INGRAM JEFFREY ESHUN

WHEREAS:

(A) On February 24, 2004, The Manitoba Securities Commission (the "Commission") issued a Notice of Hearing (the "Notice") giving notice of its intention to hold a hearing (the "Hearing") to consider whether or not it was in the public interest to grant an order pursuant to subsections 19(5) and 148.1 of The Securities Act (the "Act") with respect to Ingram Jeffrey Eshun ("Eshun");

(B) Staff of the Commission and Eshun entered into a Settlement Agreement (a copy of which is attached as Schedule "A") dated November 16, 2006 (the "Settlement Agreement"), which proposed settlement of the proceedings initiated by the Notice, subject to the approval of the Commission;

(C) Eshun has consented to the issuance of this Order and has waived his right to a full hearing;

(D) The Commission has reviewed the Settlement Agreement and is of the opinion that it is in the public interest to make this Order.

IT IS ORDERED:

1. THAT the Settlement Agreement, Schedule "A", be and the same is hereby approved.

2. THAT Eshun will pay an administrative penalty of $10,000 with a payment of $1,500 to be paid forthwith and the balance to be paid within 12 months from such approval.

3. THAT pursuant to subsection 19(5) of the Act:

i) subsection 19(1) of the Act does not, with respect to such of the trades referred to in that section, apply to Eshun; and

ii) subsection 19(2) of the Act does not, with respect to such securities referred to in that section, apply to Eshun.

BY ORDER OF THE COMMISSION

Director, Legal and Enforcement

SCHEDULE "A"

SETTLEMENT AGREEMENT

BETWEEN:

INGRAM JEFFREY ESHUN
-AND
STAFF OF THE MANITOBA SECURITIES COMMISSION

The Manitoba Securities Commission
500 — 400 St. Mary Avenue
Winnipeg, Manitoba
R3C 4K5

 

SETTLEMENT AGREEMENT

A. INTRODUCTION

By way of Notice of Hearing and a Statement of Allegations (collectively the "Notice of Hearing") of Staff of The Manitoba Securities Commission (the "Commission") notice was given to Ingram Jeffrey Eshun ("Eshun") to consider:

(a) whether or not it is in the public interest to order, pursuant to subsection 19(5) of the The Securities Act . (the "Act"), that subsections 19(1) and 19(3) of the Act do not apply to Eshun with respect to such of the trades referred to in those sections and that subsection 19(2) of the Act does not apply to Eshun with respect to such of the securities referred to in that section;

(b) whether or not it is in the public interest to order that Eshun pay an administrative penalty pursuant to Section 148.1 of the Act;

(c) whether or not it is in the public interest to order that Eshun pay the costs of and incidental to the hearing;

(d) whether or not it is in the public interest to make any other order or orders.
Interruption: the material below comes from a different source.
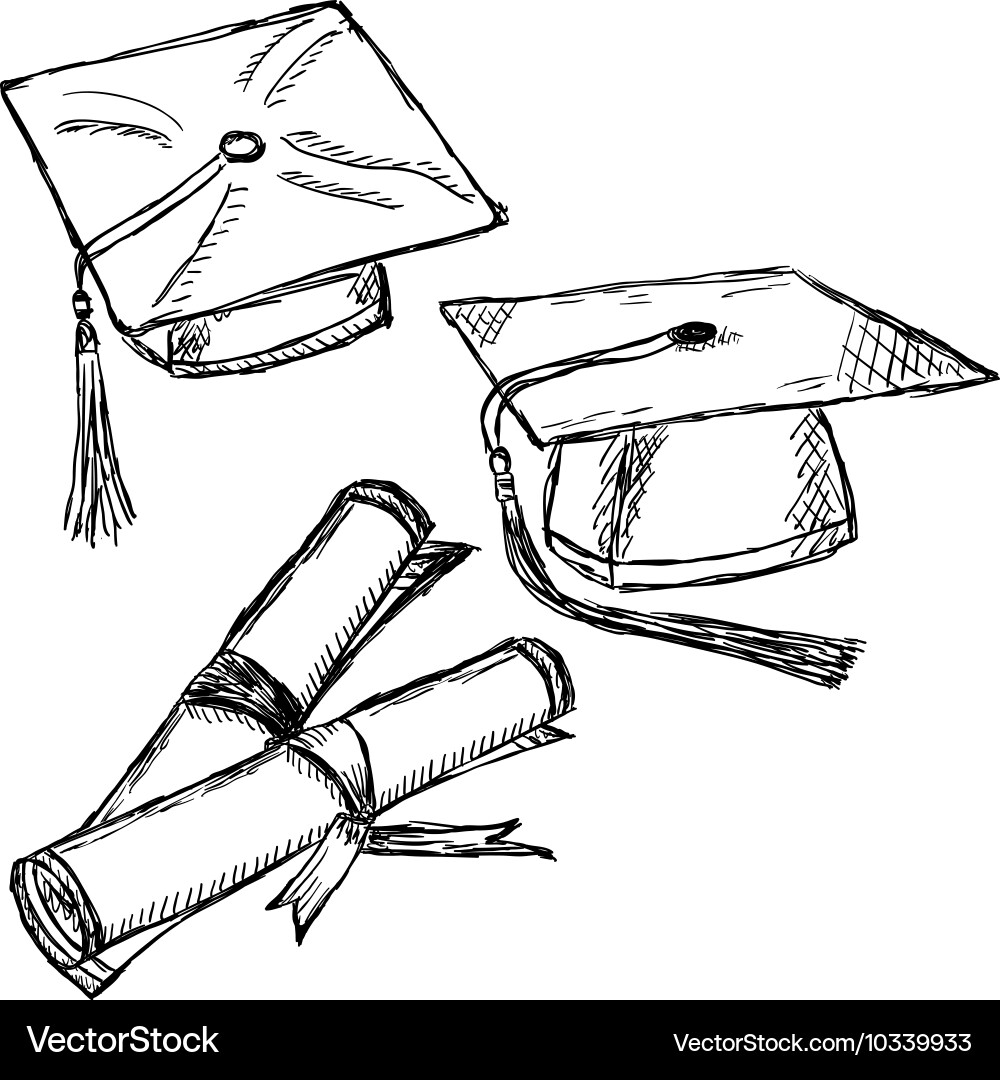 Graduation cap doodle Royalty Free Vector Image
A.2 Discussions have been held amongst Eshun and Staff of the Commission ("Staff') in an effort to settle all issues in connection with the matters set out in the Notice of Hearing (the "Proceedings") and this Agreement. A Settlement (the
"Settlement") has been reached based on the terms and conditions set forth in this Agreement (the "Settlement Agreement").

A.3 Pursuant to the Settlement, Staff agrees to recommend to the Commission that the Proceedings initiated against Eshun be resolved. Eshun consents to the Settlement and to the making of the Consent Order referred to in subparagraph D.1 below, on the terms and conditions set forth in this Settlement Agreement.

B. STATEMENT OF FACTS

B.1 Eshun agrees with the facts set out in this Part B.

W.H. Stuart

B.2 W.H. Stuart carries on the business as a mutual fund dealer throughout Canada. The head office of W.H. Stuart is located in Toronto, Ontario.

B.3 W.H. Stuart is registered with the Commission as a mutual fund dealer.

Eshun

B.4 At all material times, Eshun was a registered salesperson with W.H. Stuart in Ontario. Eshun is not, and has never been, registered under the Act to trade in securities in Manitoba.

The Pension/RRSP Scheme

B.5 Between 1997 to 2000, Manitoba residents were solicited to convert their locked-in pension accounts and/or registered retirement savings plan holdings (the "Locked-in Funds") into shares of companies and loans (the "Scheme").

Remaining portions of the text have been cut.